There’s a mountain of small losses in last night’s game, we all know that, but the one that seems to me the most concentrated bummer is how we have these hungry guys, ready, waiting and willing, just languishing on the bench. Norman Powell, for the four minutes in total we saw him last night, was the same guy who pushed plays and turned entire games around in last year’s playoffs. And can you imagine the physicality Bebe could play with, if he was only honed a little more on his offensive game? For a team that says it puts so much stock in its prospects and training of rookies, it really seemed a glaring opportunity missed that none of them could be moved into earlier rotations, to jiggle the reins a bit and see if Casey could force a reaction that wasn’t coming from relentlessly riding DeRozan, or subbing in Corey Joseph for JV after the half. Moves that had as much of an effect as tossing a Frisbee at a tornado.
The Raptors aren’t known for being a particularly nimble team in their plays, and don’t always have the creativity on court that comes in watching more finely tuned teams when they get pressed. Our dudes don’t much tend to make things look easy, as much as they make it look like running uphill, through a swamp, on a moonless night.
Green guys can be a liability but why not try to harness a little of their energy and unpredictability, take a page out of (and I can’t believe I’m writing this) Kidd’s book and let Van Vleet’s tenacity, or Bebe’s upbeat endurance, crackle through the rest of the team on contact like the chain reaction he got when he used Thon Maker to juice up his already charged Bucks.
Because it’s wasteful, what’s happening. Watching these guys wither on the bench when all it can take to get on a run sometimes is a slight shift in feeling. It was clear to anyone watching that the rudder of the Raptors had torn off sometime in the first few turnovers of last night’s game, and that neither Lowry nor DeRozan knew how, or wanted, to give any direction. Their frustration was palpable but with Kyle reverting into some shadow version of his Rockets’ past and DeMar looking lost even in the middle of his teammates, it gets more and more obvious there’s a problem with channeling their anger into something that turns games around. And maybe that’s straight-up not their job, maybe they aren’t going to get good at it and it should fall to somebody else we haven’t had a chance of seeing shake things up yet.
Shy of Casey warging into someone’s body there was nothing he could do either, save for scream himself hoarse on the sidelines while his ghost ship of lost guys sailed into a Bermuda triangle of rotational issues. At that point why wouldn’t you try something a little desperate, a little wild, to shore up your crumpling starters and sharpen those toothless plays? Frankly I would be happy if I never saw another pick and roll again.

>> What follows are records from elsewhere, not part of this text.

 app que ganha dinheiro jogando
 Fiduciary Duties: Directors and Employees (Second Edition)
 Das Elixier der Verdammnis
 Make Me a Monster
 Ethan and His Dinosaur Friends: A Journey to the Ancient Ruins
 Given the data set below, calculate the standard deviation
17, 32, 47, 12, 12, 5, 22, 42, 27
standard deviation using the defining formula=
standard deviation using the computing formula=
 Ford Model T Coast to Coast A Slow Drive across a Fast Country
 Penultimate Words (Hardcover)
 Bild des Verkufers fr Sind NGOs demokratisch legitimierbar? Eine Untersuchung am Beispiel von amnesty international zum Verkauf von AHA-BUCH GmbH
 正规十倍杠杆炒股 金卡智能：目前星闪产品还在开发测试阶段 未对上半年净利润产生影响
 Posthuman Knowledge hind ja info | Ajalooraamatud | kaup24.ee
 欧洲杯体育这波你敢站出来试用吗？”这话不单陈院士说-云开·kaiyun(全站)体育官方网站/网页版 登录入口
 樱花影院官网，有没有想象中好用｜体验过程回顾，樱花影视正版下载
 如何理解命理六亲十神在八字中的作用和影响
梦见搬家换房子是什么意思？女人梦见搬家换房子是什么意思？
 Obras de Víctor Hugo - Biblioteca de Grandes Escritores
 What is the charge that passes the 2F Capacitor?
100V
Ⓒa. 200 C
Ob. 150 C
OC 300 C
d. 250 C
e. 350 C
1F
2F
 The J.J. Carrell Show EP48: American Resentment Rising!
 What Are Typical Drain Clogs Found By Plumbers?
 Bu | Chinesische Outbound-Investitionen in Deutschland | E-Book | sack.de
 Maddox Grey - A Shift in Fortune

There’s enough analytical and gut-based speculation on whether or not Toronto still stands a chance in this series to last you ‘til Saturday, so I’ll spare you my own two cents. But whatever happens it’s the last three minutes of last night’s game, those hungry rookies with their whole hearts practically sprouting legs and putting on shorts to finish what was already a smoking crater of a loss that will stick with me going into next season. If we’re already ripping off our own best potential, then what is the point of meticulously building a team over all these years? Put plainly: Let them play, what the hell else do we have to lose?